The connection between success and asking for help (And how is it related to sales?)



Lately, I've had several discussions with colleagues about asking for help.

Not everyone sees it positively or as natural, but I consider it a critical skill for our success as individuals, especially as entrepreneurs and businesspeople.


Asking for help rests on a foundation of:

  1. Lack of knowledge of a particular subject

  2. Desire to learn

  3. Perceiving someone else as an expert or someone I trust their opinion and want them to assist me.

This is a brilliant skill because it combines three critical qualities, especially in entrepreneurship:

  1. The ability to acknowledge that we don't know something opens us up to learning something new.  This could be learning from someone who is an expert in a field where I am not,It could be learning from a potential customer about their pain points and how they deal with the issue, or learning a new area that is difficult for me to explore alone just by reading articles, and then connecting with someone who has done it before to expedite the process or deepen the learning. All of these rely on humility and openness.

  2. The desire to learn what I don't know stems from curiosity and proactivity. It's not enough for me to tell myself that I don't know something—I want to go and discover what piques my interest. This fosters learning and growth.

  3. The act of asking for help connects people. By asking someone to sit with me and explain something I don't know, a field in which they are experts or a project they have run and can share their experience, I am essentially saying to them, "Your opinion matters to me" or "I appreciate you. Everyone wants to feel valued, so most people will be happy to help. From there, good connections and friendships can form, benefiting everyone.

BTW, Communities are a great way to normalize the desire to ask for help—sharing knowledge. The one-to-one connections formed here usually start from people asking for help, and others who are happy to assist and share their knowledge and experience.
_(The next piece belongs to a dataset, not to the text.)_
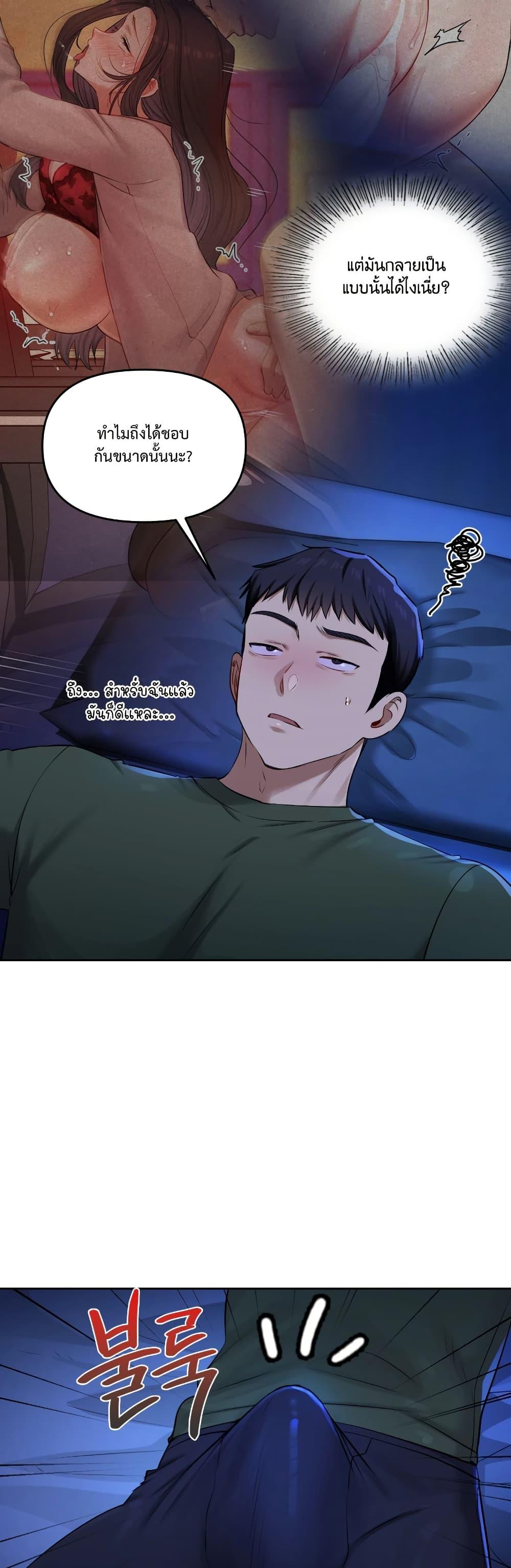Doujin-Lc- อ่าน โดจิน มังฮวา เกาหลี ญี่ปุ่น จีน แปลไทย The Professor ตอนที่ 1 2 3 4 5 6 7 8 9 10 11 12 13 14 ฟรี ไม่มีโฆษณา อ่าน โดจิน Manhwa เกาหลี ญี่ปุ่น จีน เรามีครบ คัดมาให้เน้นๆ โดจิน 18+ รับประกันความฟินโดย  Doujin Lc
I see this as especially critical in entrepreneurship, especially when we are doing things for the first time that we haven't done before. The ability to ask for help and learn from others' experiences is critical to our success and business activities.


Added to that, in the context of sales and how to reach the first customers (which is a topic in itself and I won't delve into it now) - You can approach a potential customer by asking for help: learning their pain points, getting feedback on the product, etc., are excellent ways to approach them. People are more likely to participate in a feedback conversation than in a sales conversation, so they might consider buying/partnering with us if they find value.